This review of “Sundown” first published on Sept. 5, 2021, after its premiere at the Venice Film Festival.
In “Sundown,” his latest examination of how his country’s economic and social tensions sometimes explode, Mexican director Michel Franco takes a cold-eyed stare at his characters, even as the Acapulco sun beats down on them.
In the film that premiered last fall at the Venice Film Festival, Tim Roth and Charlotte Gainsbourg play British tourists holidaying in a gorgeous Banyan Tree resort, accompanied by two late-teen or early 20s kids named Alexa and Colin. They swim and eat and lounge around, getting served margaritas by their private pool, venturing out to eat dinner or watch a cliff-diving exhibition in which local men risk their lives for the visiting galleries before passing a hat for donations.
Gainsbourg is chided by the kids for always being on her phone working, until it rings with some terrible news which means they have to leave immediately. Gainsbourg squeals in pain on hearing the news, then hands the phone to Roth to deal with it by talking to a man called Richard who will “sort things out”.
After that, I don’t really want to tell you much more, except that Franco lets his story unfold incrementally and mysteriously, like a fisherman slowly reeling his catch out of the water.
His camera is blank, distant and so is Roth’s character, Neil, a taciturn, unreadable, unbothered chap whose motivation we will spend the rest of the movie trying to piece together, using every scrap of information to form a bigger picture.
The detached calm of the camerawork will be punctured by sudden outbursts of violence, sometimes physical but also emotional. The viewer remains taut and on edge, constantly scanning the wide frame of the composition for clues, on the lookout for what might happen next. I guess that’s how tourists are told to be in Acapulco.
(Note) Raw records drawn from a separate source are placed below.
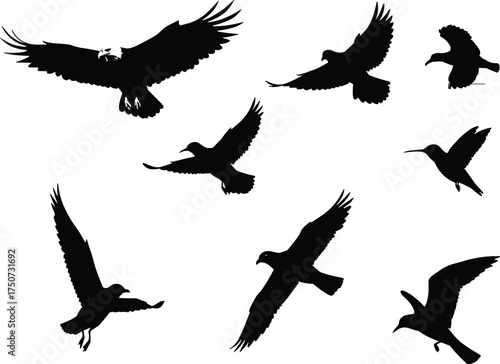 Flying bird silhouette vector set with hummingbird, eagle, wings spread, flight motion, nature shapes, avian design, wildlife illustration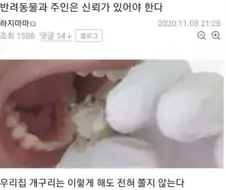 반려동물과 주인은 신뢰가 있어야한다.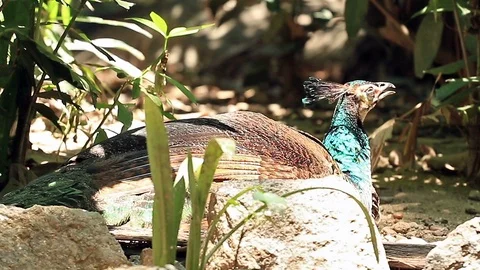 Indian Peafowl2 Stock Footage 118719387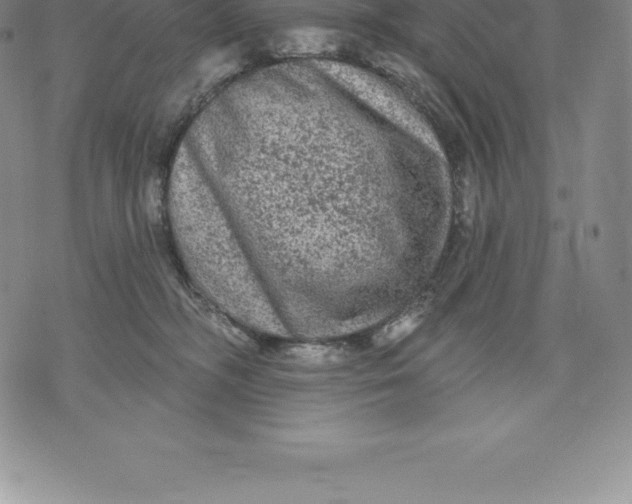 X0000076300326200610161600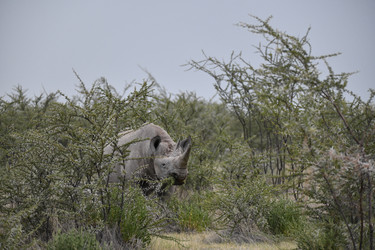 Similar image 22209225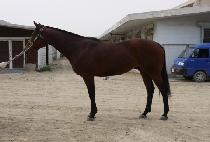 ų�������� (KILIUI JEWANG) ����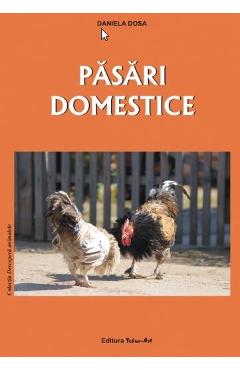 Coperta cărții Pasari domestice - Daniela Dosa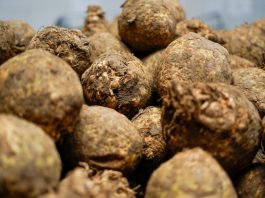400 ton knolselderij wacht óf vernietiging óf een bord in Amsterdam-West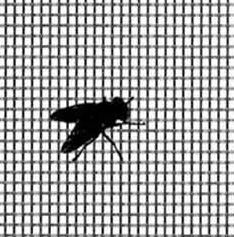 Insect & Fly Proof Wire Mesh, Style : Plain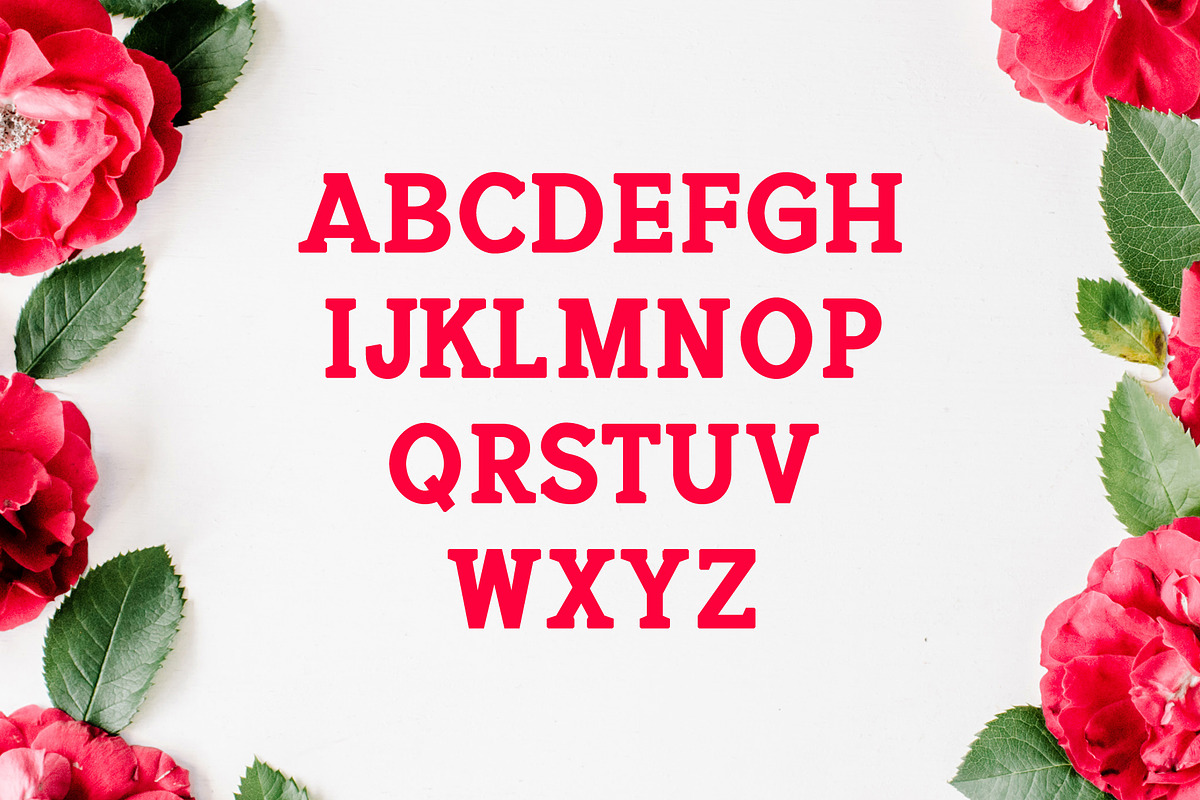 Jadrien Serif + Sans Duo 5 Font Pack preview 2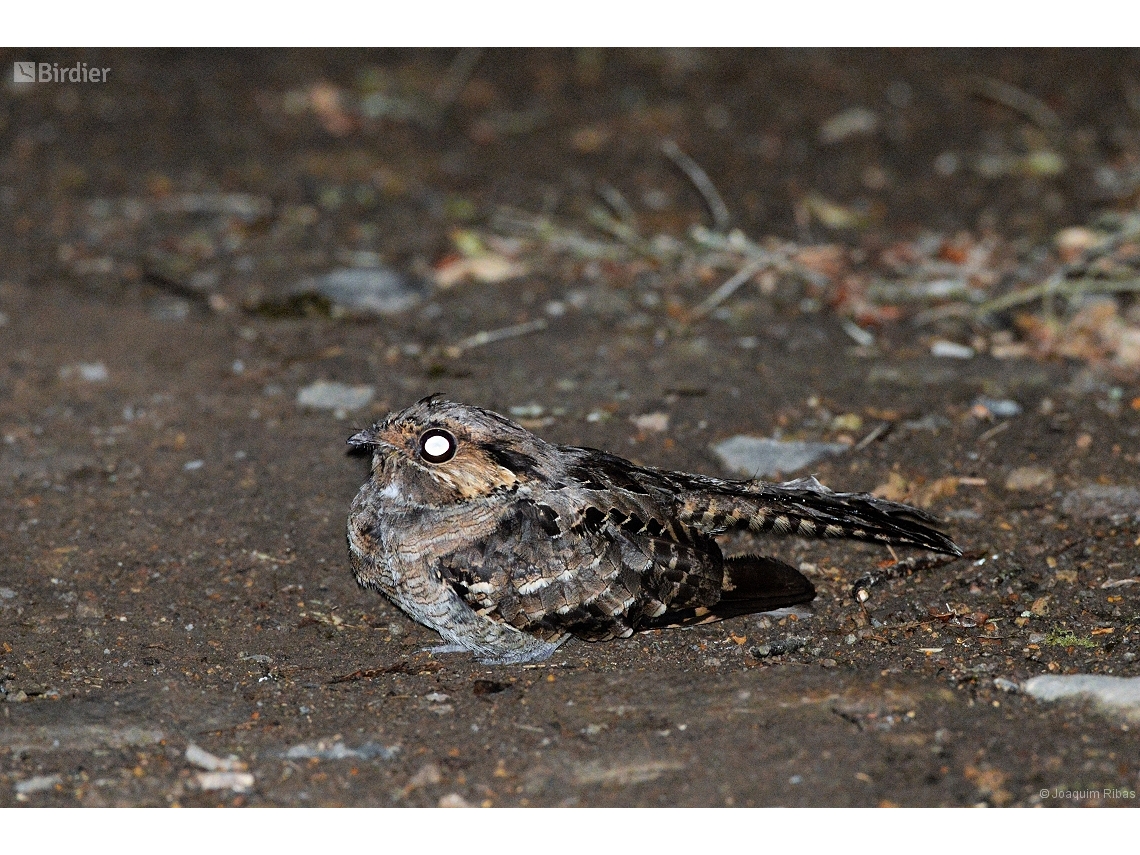 Nyctidromus albicollis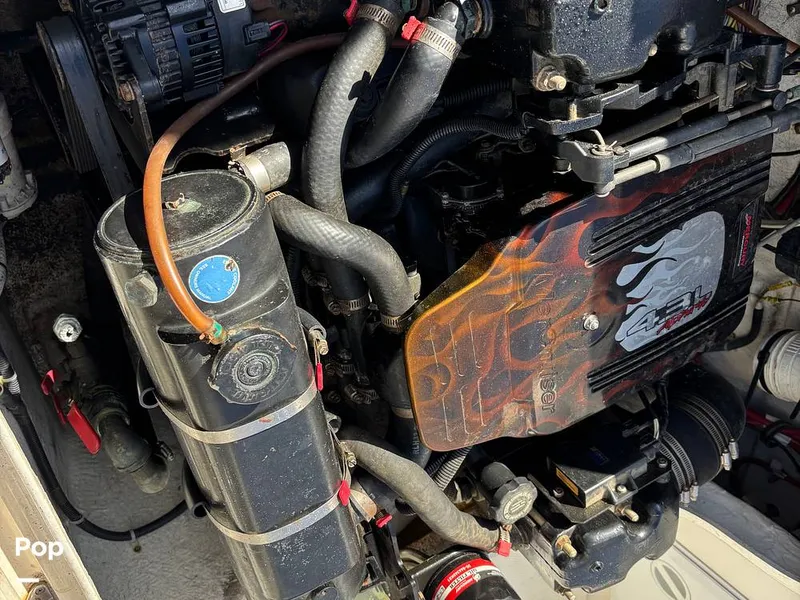 Slide: The Image of Trophy 2052 WA 2006 - 14963167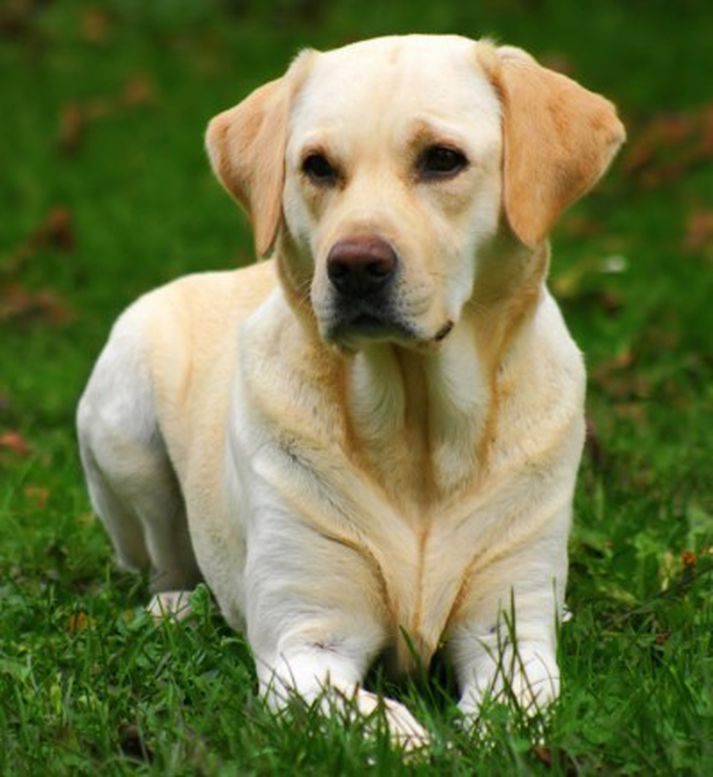 Hundur af labrador kyni.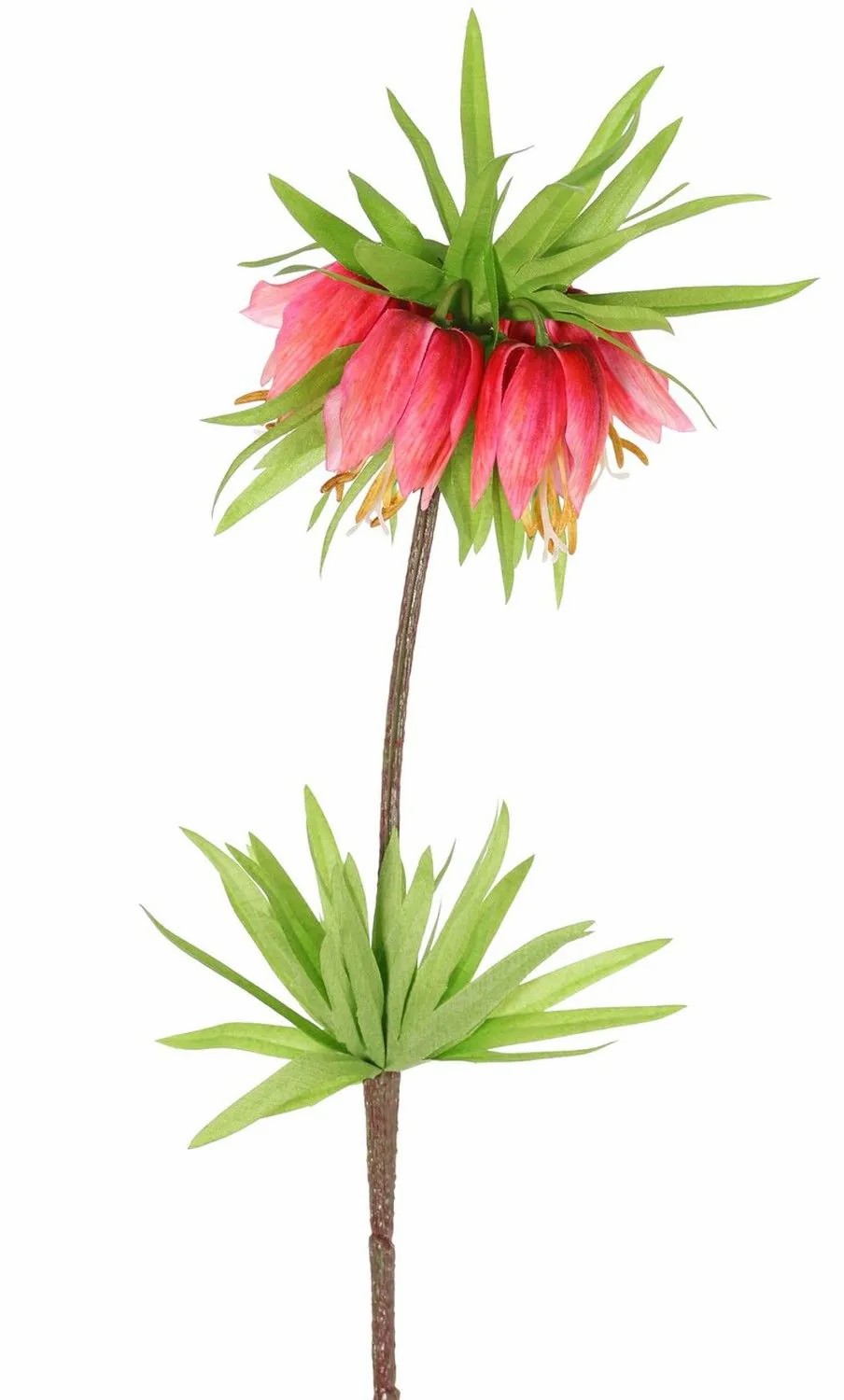 Crown imperial | False Fritillaria Imperialis Imst, Fuchsia, 26"/65Cm Artificial Flowers Crown imperial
To reveal almost any of what happens – or has happened – would be some kind of spoiler. But it would be a stretch to tell you to relax, that all will be revealed, because it won’t, not everything. Franco presents us with a puzzle, perhaps attempting to reflect the many impulses, divisions and complexities in how Mexico functions, especially in a tourist enclave such as Acapulco. “Is it safe?” Gainsbourg asks anxiously.
Roth, unconcerned, is particularly good here. If we can barely read Neil’s thoughts, Roth’s physical performance is floppy and loose-limbed, giving Neil an unhurried trudge and a long face that’s hanging on to its bones enough to form the expression of someone who’s encountered a bad smell. He moves with a graceless ease, so relaxed in his surroundings he’s practically supine. In contrast, Gainsbourg is all angles and restless energy.
If we can’t fathom Neil’s actions and reactions, he looks perfectly unruffled in whatever he’s doing, hardly communicating with any locals (he speaks not a word of Spanish and mostly just says things like, “OK” and “It’s fine”) and coming across as disinterested as the camera that’s tracking him. Neil gets through a lot of beer, though nothing seems to give him much pleasure.
We wonder if it’s existential ennui or a moral alienation that’s afflicting him. Or could it be something mental or physical, a condition we can’t see that makes him so passive and uncommitted? It’s not even clear if he really is miserable or if Neil’s always been a bit like this.
I’m being as opaque as Neil, which is ironic given the cool clarity of Yves Cape’s pin-sharp cinematography. You can see why Franco has earned comparisons with Michael Haneke, the director for whom Roth starred in the 2007 shot-for-shot American remake of his Austrian home invasion chiller, “Funny Games.”
“Sundown” is perhaps closer to “Code Unknown” or “Hidden” in the way threat simmers in the air but is never signaled — no minor notes approaching on an accompanying score, the only music coming from passing mariachis on the beach or from a beautiful singer in a restaurant. And in the family holiday dynamic, I was also reminded of Ruben Ostlund’s “Force Majeure,” without the ski boots.
With Roth and Gainsbourg, the film has every chance for good exposure, but “Sundown” is only a short film, just about making it over 80 minutes, every second of which manages to be simultaneously riveting and banal.
Yet its intensity burns like the sun which makes Neil’s skin blister, peeling off a layer we hope might reveal more. Franco is scratching away at the surface, too, making the sort of movie you come away from with questions, wondering if you’d blinked and missed something.